Inside Housing declared Nigel Lawson’s Autumn Statement “bleak news for local authorities” after the then-chancellor revealed that money raised from council house sales would not be reinvested in housing.

Councils were given a ‘negative cash limit’ for 1989/90, meaning they would have a total budget amounting to less than the amount brought in from capital receipts.

Allocations to councils through the housing investment programme were set to be cut by 20% in cash terms and 26% in real terms. The Institute of Housing slammed the government, accusing it of siphoning off money.

“The government has an extra £1.28bn within its housing cash limit that could be reinvested without breaking its public spending target but it has refused to spend it,” said Sue Robertshaw, deputy director at the Institute of Housing.

Picture: Getty

20 years ago

Planners in the South West of England were accused of deliberately constraining development and inviting a homelessness crisis in the region after they unveiled proposals to slash housebuilding targets by 90,000.

The South West Regional Planning Conference was told that it had “got it wrong” after launching a consultation on its plans to reduce the number of new homes being built by 2016 from 466,000 to 376,000.

 

Outraged criticism of the plans came from the National Housing Federation (NHF), the Chartered Institute of Housing and the National Housing and Town Planning Council, which jointly accused the conference of being “more interested in constraining housing development than meeting housing need”.

Paul Smith, then-regional officer for the South West at the NHF, said: “The conference has got it wrong. They are behaving like King Canute, imagining that if they keep saying, ‘Go back’, these households won’t form. Limiting housing development won’t stop wealthier migrants pushing up house prices, and local people will end up homeless or living in appalling conditions.”

10 years ago

Opponents accused the government of backtracking on its housebuilding promises after then-housing minister Margaret Beckett said its commitment to build three million homes by 2020 was never a target.

Prime minister Gordon Brown had told parliament of the plan in 2007, making it a centrepiece of his policy agenda.
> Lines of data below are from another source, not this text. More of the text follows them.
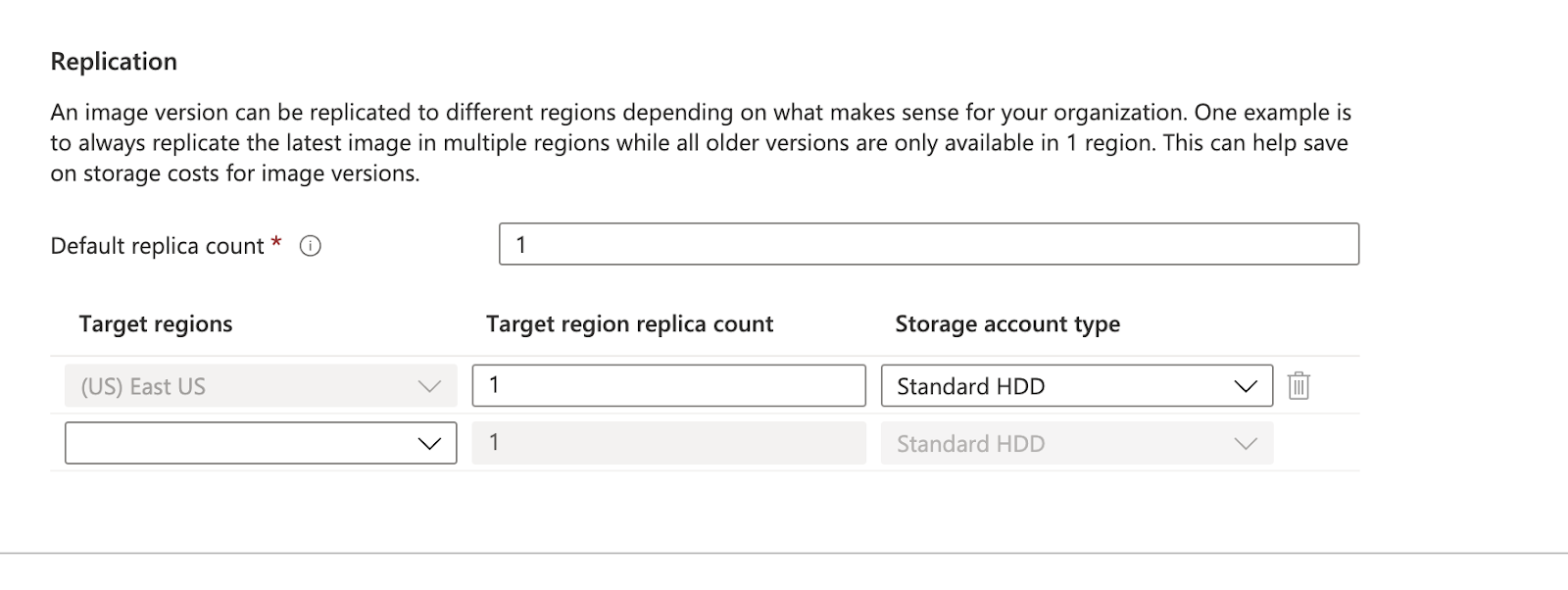 Azure Shared Image Gallery example Azure Shared Image Gallery example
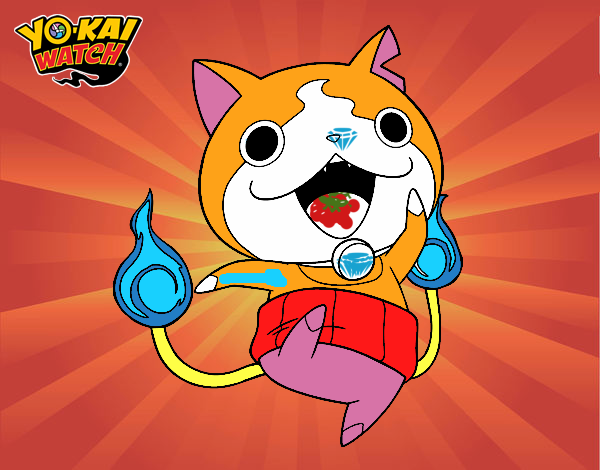 Jibanyan saltando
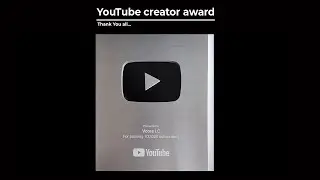 100k family | Silver play button| Unboxing and review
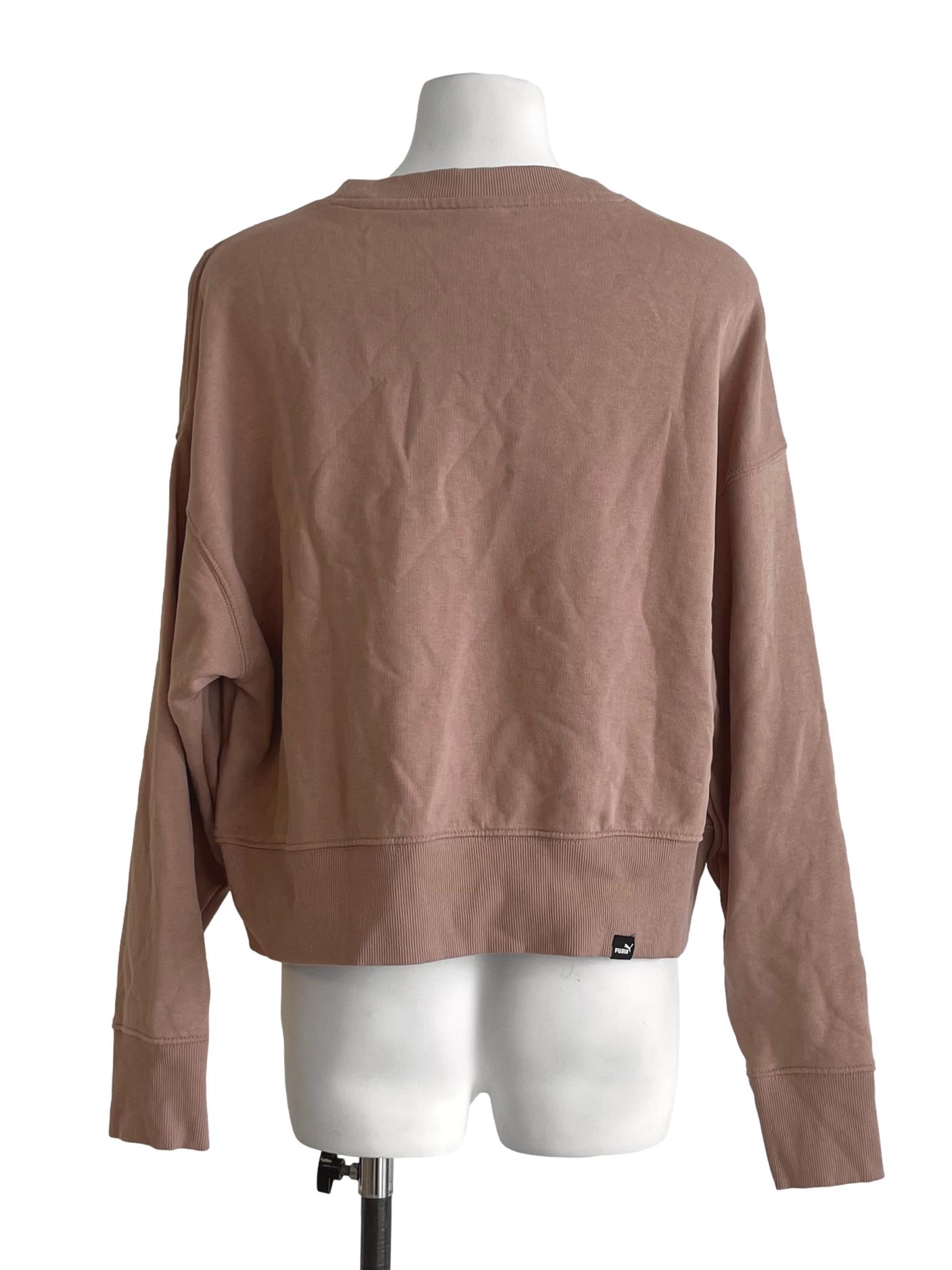 Tortilla Brown Cropped Sweatshirt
But the number was widely seen as undeliverable in the wake of the financial crisis, as builders cut their production numbers.

Ms Beckett told a select committee that the three million figure was “an ambition rather than a target”.

Shadow housing minister Grant Shapps said Ms Beckett was “backtracking” on the pledge. “She has realised what we have been saying all along – the government doesn’t build homes,” he added.